Submitted to: American Association of Veterinary Parasitologists Proceedings
Publication Type: Abstract only
Publication Acceptance Date: 6/23/2006
Publication Date: 7/15/2006
Citation: Harmon, A.F., Zarlenga, D.S., Hildreth, M.B. 2006. Development of a multiplex real-time PCR for differentiating and quantifying eggs of Haemonchus contortus, Ostertagia ostertagi, and Cooperia oncophora using fecal eggs [abstract]. American Association of Veterinary Parasitologists, p. 42 Interpretive Summary:
Technical Abstract: Despite recent assay development for both egg and larval stages of trichostrongyles nematodes, there is still a need for a quantitative assay which can differentiate the eggs of economically important trichostrongyles in a rapid manner.
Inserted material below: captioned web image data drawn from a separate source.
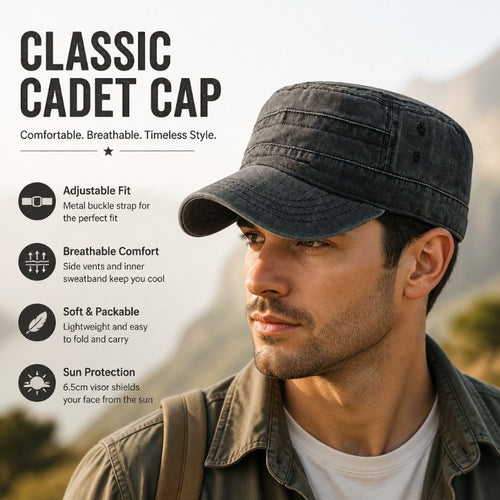 Soft Washed Cotton Cadet Cap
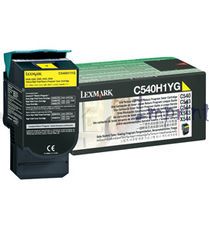 Оригинальный Картридж Lexmark C540H1YG желтый XL оригинальный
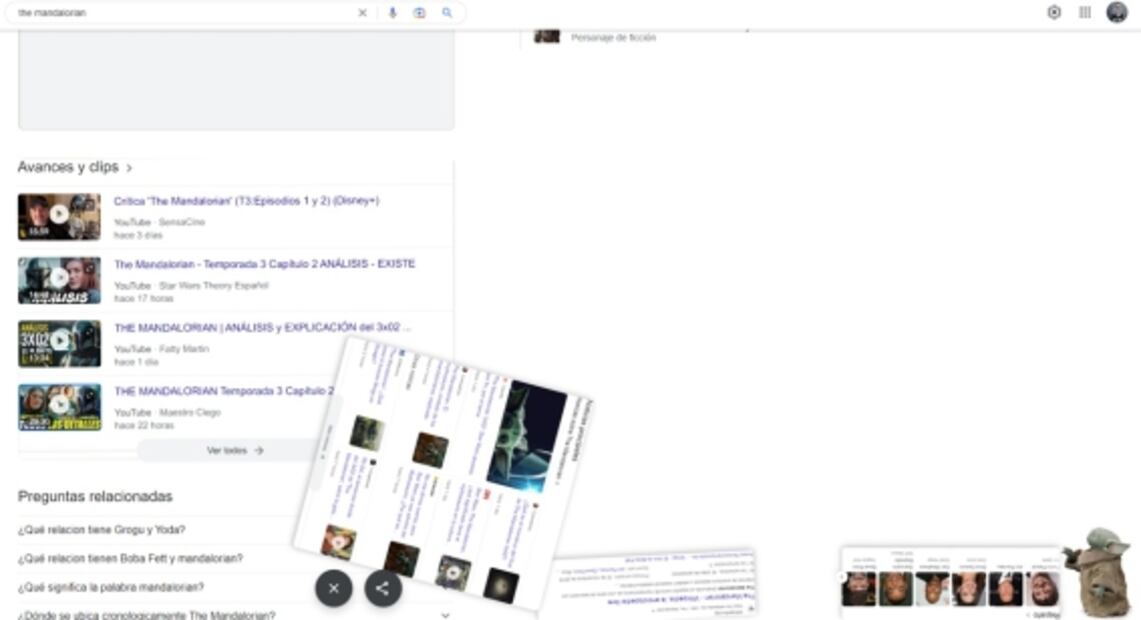 ¿Fan de Grogu? Mira lo que sucede cuando buscas "The Mandalorian" en Google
These morphologically identical eggs can be differentiated using PCR, but only qualitative results could be obtained. This study describes progress towards the development of a real-time quantitative PCR (QPCR) assay. This assay would allow for amplification of Ostertagia ostertagi, Cooperia oncophora, and Haemonchus contortus simultaneously in a quantitative manner. This was accomplished by first modifying previously described primers and probes to facilitate use with cattle trichostrongyles and increase specificity, and thoroughly testing them to insure that no cross reactivity occurred during QPCR. Plasmids were then created that contained the QPCR product and were used to assess the linearity of amplification and efficiency, so that any possible inhibition or variation could be measured. QPCR was then performed in conjunction with an optimized DNA extraction protocol to allow for the quantification of eggs. Eggs from a H. contortus mono-infection were tested. From this work, no cross reactions were found, even when primers and probes were tested against other common cattle nematodes. Plasmid based QPCR resulted in linear amplification with an R-square value between 0.98 and 0.99. Efficiency ranged from 92% to 115%. When H. contortus eggs were tested, the R-square remained at 0.98; however, efficiency was reduced to 28%. This reduction in efficiency indicates that fecal inhibitors are still interfering with PCR, but they do not effect linear amplification when evaluated in a multiplex format. These results suggest that quantitative differentiation is possible at the egg stage with QPCR, but more work is needed to demonstrate this unequivocally.